The same PIMCO that sold 4.3 billion of auction backed securities and would not buy them back when the auctions failed.

Just google Pimco auction back securities and
read the May 1 Bloomberg.com article
2008-09-04 16:17:03
Gross says...
"If we are to prevent a continuing asset and debt liquidation of near historic proportions, we will require policies that open up the balance sheet of the U.S. Treasury".

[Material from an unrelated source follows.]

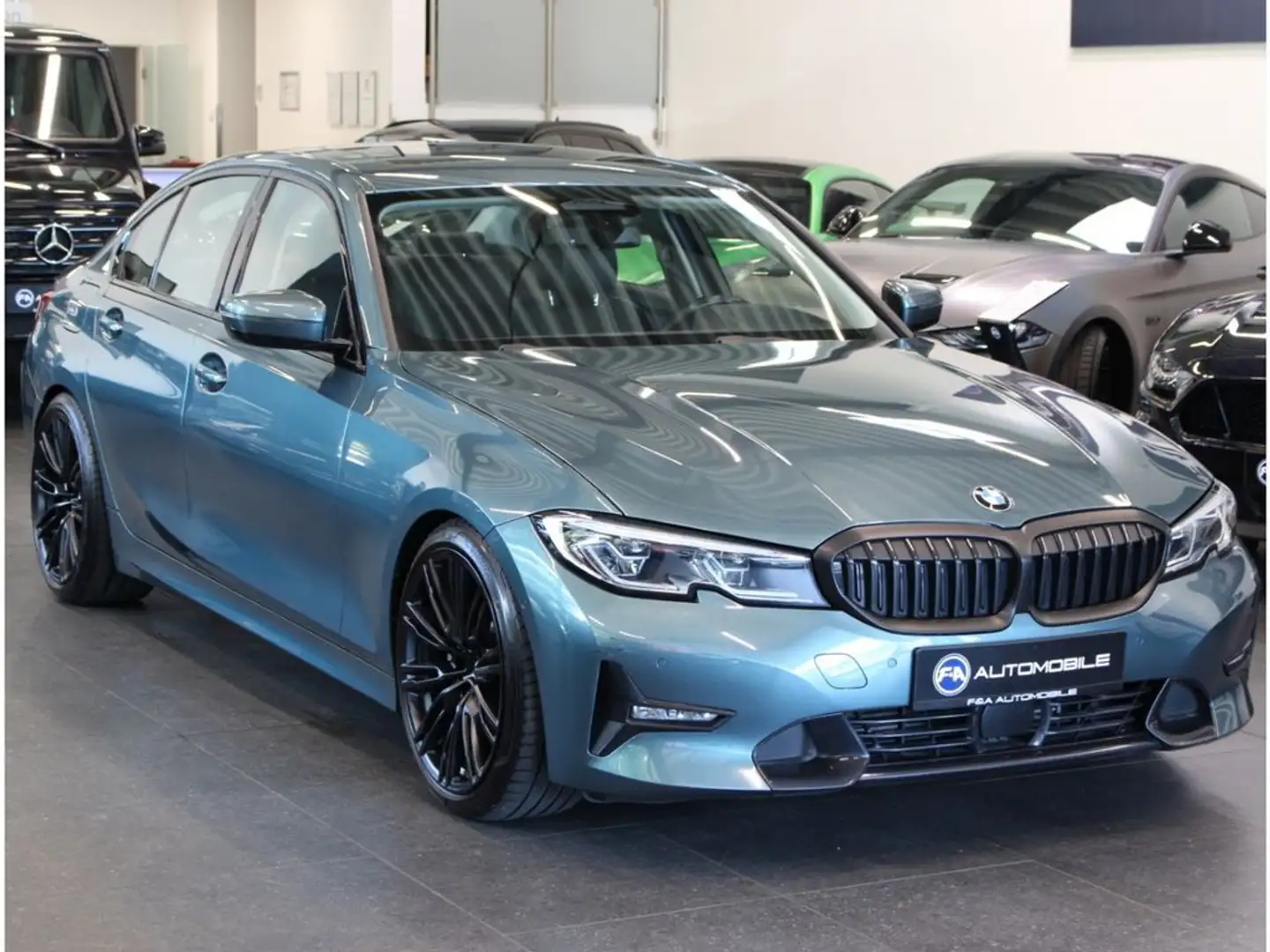BMW 330 d xDrive Sport Line HUD*Laser*M3 Felgen Bleu - 2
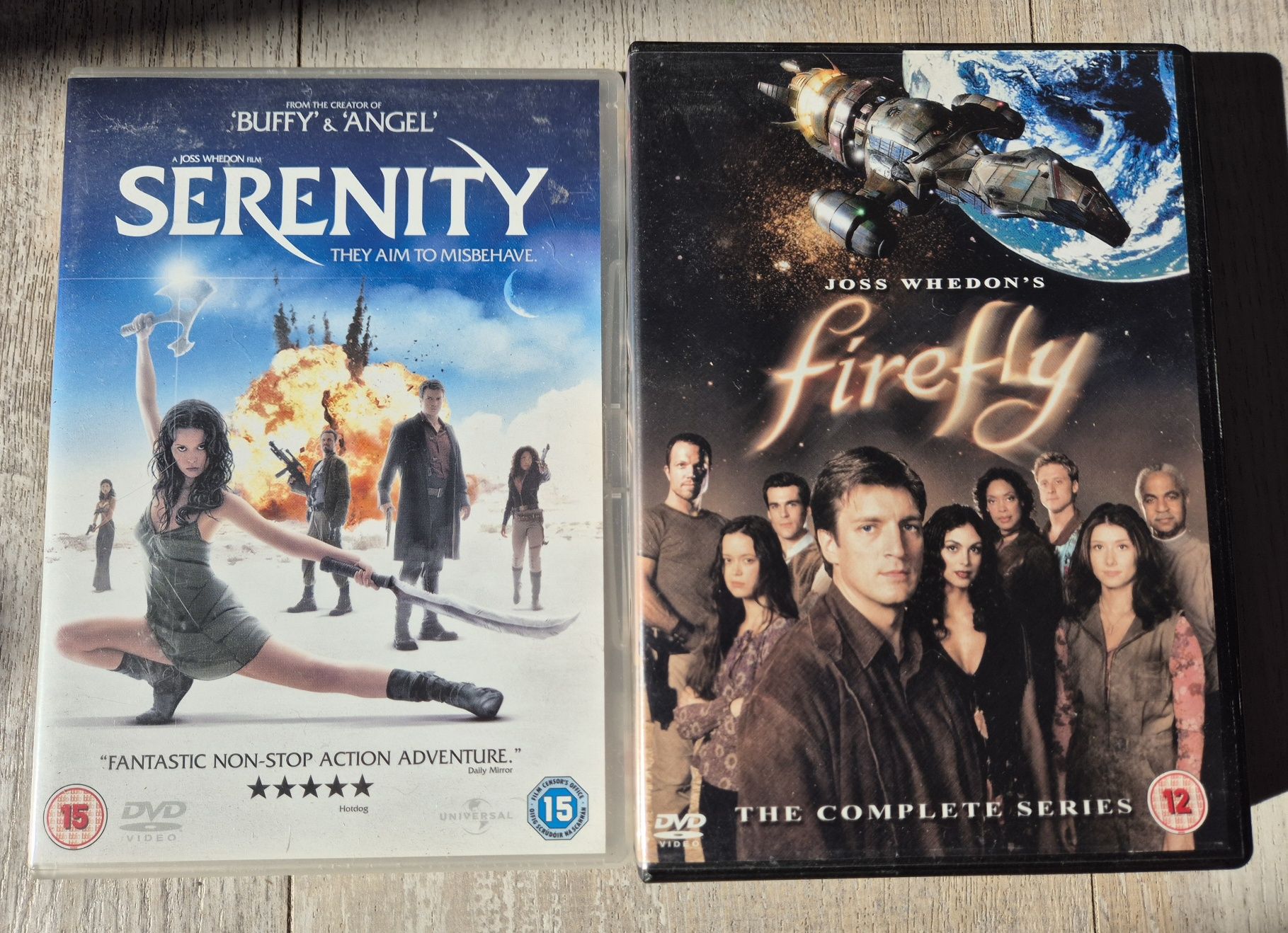 Подарявам култовия sci-fi Firefly + Serenity филма на DVD на английски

No worries, this is just the sort of thing we have George WWW III for... all he has to do is declare a "war on economy" and 10's of trillions of dollars/month will be printed to overcome the adversaries. Why we can maintain all [justifiable] fronts; the war on terr, the Rushkies, Iran, N. Korea, Afghanistan, Iraq, the middle class, corporate taxes, Democrats [in general], the media, and falling home valuations. Let's see, that is very roughly $10 Trillion/month, no problem. These missions will be accomplished within 2 years. Alan, can you get those printing presses fir'd up again?


2008-09-04 16:22:18
nice job, Kevin. We all need to remember a little history like Gross's 2002 call.
I am surprised Sparky left out war on drugs....:-)
2008-09-04 16:23:02
I mean Spunky, sorry about that
2008-09-04 16:25:41
Debt liquidation
Anyone:

I think I understand what asset liquidation means.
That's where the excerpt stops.